Ordinary resolution, to be passed, requires a simple majority of members who are present and entitled to vote on the resolution. This shall also include the vote of the chairman of the company, if appointed. Voting on this resolution is generally done by show of hands (voting by poll is the other option that can be exercised) by the members present personally or by proxy and each member has one vote irrespective of the shareholding. The resolution passed by the majority is legally binding upon the minority and the company.
A resolution is a special resolution when the notice calling the general meeting or other intimation given to the members specifically mentions the same. Such a resolution, in order to get passed, requires that the number of votes (whether on show of hands or poll) cast by the members in favor of the resolution (by voting or by proxy) exceed three times the number of the votes, if any, cast against the resolution. Some of the actions which require a special resolution are alteration of the memorandum/articles of the company, change of name of the company and reduction of share capital.
For cases where certain important resolution(s) has/have to be passed urgently for effective functioning of a company and it is not convenient for the directors to hold a board meeting, the option of passing of a board resolution by circulation has been provided for under the Act.
2.6 Audit of accounts
Auditors of a company are appointed for a term of five years in AGM through an ordinary resolution. Subsequently, their appointment is ratified in every AGM during the five year term. The company, in a general meeting, may remove auditors before the expiry of their term by circulating a special notice, passing a special resolution and seeking prior approval from the Central Government. Auditors are required to make a report to the members of the company in respect of the financial statements (balance sheet, profit and loss account, cash flow statement, statement of changes in equity if applicable and notes) examined by them at the end of each financial year.

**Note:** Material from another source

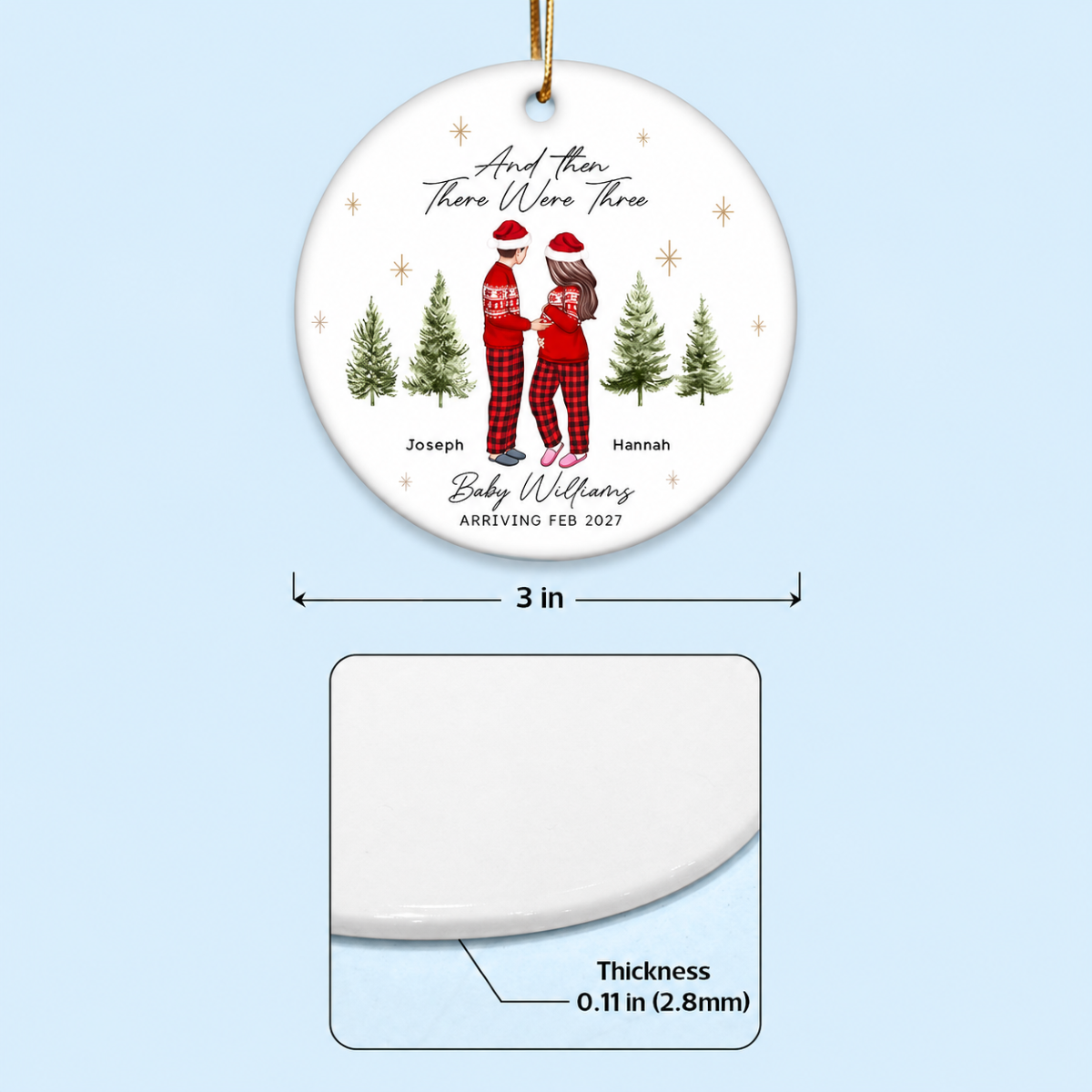And Then There Were Three - Pregnancy Announcement Ornament - Baby Coming Soon Ornament - Ornament for Baby - Expecting Mom Gift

3. Incentives for Start-Ups in India
Any Indian entity (regardless of whether it is a subsidiary of a foreign company) shall be eligible to be recognized as a “Start-up” if it satisfies three ingredients: (i) it’s turnover does not exceed €3.1 million, (ii) 7 years have not passed since its incorporation and (iii) it is engaged in working towards innovation, development or improvement of products or processes or services, or if it is a scalable business model with a high potential of employment generation. In order to be recognized as a “Start-up”, the Indian entity shall have to make an online application over the mobile app or portal set up by Department of Industrial Policy and Promotion. After obtaining recognition, the Indian entity shall be eligible for various benefits such as (i) tax holidays for three consecutive financial years and (ii) exemption from inspections under 6 Indian labour laws.